START Given data
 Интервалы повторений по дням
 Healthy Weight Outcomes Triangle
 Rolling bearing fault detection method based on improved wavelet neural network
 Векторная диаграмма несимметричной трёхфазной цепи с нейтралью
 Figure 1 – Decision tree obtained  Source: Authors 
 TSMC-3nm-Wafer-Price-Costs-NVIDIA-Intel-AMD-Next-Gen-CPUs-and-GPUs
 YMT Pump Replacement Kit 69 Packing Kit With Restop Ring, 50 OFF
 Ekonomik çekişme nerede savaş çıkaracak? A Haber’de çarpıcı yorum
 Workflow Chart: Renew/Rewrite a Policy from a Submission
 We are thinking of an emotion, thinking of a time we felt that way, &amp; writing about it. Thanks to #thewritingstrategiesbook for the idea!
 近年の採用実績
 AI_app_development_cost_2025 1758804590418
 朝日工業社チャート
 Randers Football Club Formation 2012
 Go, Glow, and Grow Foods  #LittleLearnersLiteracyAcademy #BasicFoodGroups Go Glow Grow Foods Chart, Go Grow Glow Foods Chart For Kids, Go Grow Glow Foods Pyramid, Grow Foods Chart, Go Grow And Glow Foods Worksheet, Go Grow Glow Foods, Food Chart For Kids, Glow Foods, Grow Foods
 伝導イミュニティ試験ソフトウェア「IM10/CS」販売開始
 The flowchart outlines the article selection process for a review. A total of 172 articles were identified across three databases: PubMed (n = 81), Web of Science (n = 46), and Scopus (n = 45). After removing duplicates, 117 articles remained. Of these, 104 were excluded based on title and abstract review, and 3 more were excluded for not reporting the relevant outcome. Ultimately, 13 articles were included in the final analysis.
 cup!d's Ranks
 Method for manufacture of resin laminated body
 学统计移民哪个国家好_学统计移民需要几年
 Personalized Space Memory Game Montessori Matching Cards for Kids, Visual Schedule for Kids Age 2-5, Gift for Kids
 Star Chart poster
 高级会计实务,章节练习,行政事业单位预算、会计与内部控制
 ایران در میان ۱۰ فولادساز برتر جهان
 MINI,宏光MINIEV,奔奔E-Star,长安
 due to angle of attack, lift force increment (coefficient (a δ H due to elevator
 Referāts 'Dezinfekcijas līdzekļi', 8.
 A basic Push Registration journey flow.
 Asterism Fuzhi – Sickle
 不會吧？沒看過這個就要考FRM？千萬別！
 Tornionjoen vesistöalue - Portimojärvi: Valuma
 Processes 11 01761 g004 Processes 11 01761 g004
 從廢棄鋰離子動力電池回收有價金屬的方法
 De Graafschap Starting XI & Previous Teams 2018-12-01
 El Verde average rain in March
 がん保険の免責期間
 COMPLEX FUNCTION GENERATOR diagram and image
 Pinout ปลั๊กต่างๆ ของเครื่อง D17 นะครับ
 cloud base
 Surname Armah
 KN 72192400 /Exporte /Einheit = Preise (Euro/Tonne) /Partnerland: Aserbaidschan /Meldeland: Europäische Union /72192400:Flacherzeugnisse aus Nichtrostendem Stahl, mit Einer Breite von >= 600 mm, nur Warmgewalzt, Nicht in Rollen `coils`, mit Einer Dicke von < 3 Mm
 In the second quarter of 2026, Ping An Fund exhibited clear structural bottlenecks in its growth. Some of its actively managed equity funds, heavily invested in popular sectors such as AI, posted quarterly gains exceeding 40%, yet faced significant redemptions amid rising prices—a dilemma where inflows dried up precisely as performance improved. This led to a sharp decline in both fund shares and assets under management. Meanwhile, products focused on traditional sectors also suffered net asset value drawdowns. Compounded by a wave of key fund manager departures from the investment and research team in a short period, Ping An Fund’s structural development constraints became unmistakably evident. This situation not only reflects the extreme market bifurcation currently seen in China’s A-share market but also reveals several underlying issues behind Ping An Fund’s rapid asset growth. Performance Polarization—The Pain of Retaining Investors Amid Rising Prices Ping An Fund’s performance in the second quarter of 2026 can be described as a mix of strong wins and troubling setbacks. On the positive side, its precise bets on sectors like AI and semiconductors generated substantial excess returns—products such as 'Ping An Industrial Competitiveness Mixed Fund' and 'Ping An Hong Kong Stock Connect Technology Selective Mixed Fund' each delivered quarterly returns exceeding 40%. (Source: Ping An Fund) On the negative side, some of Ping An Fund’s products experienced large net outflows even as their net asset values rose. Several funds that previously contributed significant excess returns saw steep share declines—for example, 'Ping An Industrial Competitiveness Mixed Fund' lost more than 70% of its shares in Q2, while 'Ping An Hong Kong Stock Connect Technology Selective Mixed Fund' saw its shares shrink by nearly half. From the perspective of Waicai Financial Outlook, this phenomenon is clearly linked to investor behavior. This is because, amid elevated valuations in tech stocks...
END Given data
» The problem:
Look back at the data above. Transcribe exactly the lines starting at the line that contains "Processes 11 01761 g004 Processes" and ending at the line that contains "KN 72192400 /Exporte".

» Problem solution:
 Processes 11 01761 g004 Processes 11 01761 g004
 從廢棄鋰離子動力電池回收有價金屬的方法
 De Graafschap Starting XI & Previous Teams 2018-12-01
 El Verde average rain in March
 がん保険の免責期間
 COMPLEX FUNCTION GENERATOR diagram and image
 Pinout ปลั๊กต่างๆ ของเครื่อง D17 นะครับ
 cloud base
 Surname Armah
 KN 72192400 /Exporte /Einheit = Preise (Euro/Tonne) /Partnerland: Aserbaidschan /Meldeland: Europäische Union /72192400:Flacherzeugnisse aus Nichtrostendem Stahl, mit Einer Breite von >= 600 mm, nur Warmgewalzt, Nicht in Rollen `coils`, mit Einer Dicke von < 3 Mm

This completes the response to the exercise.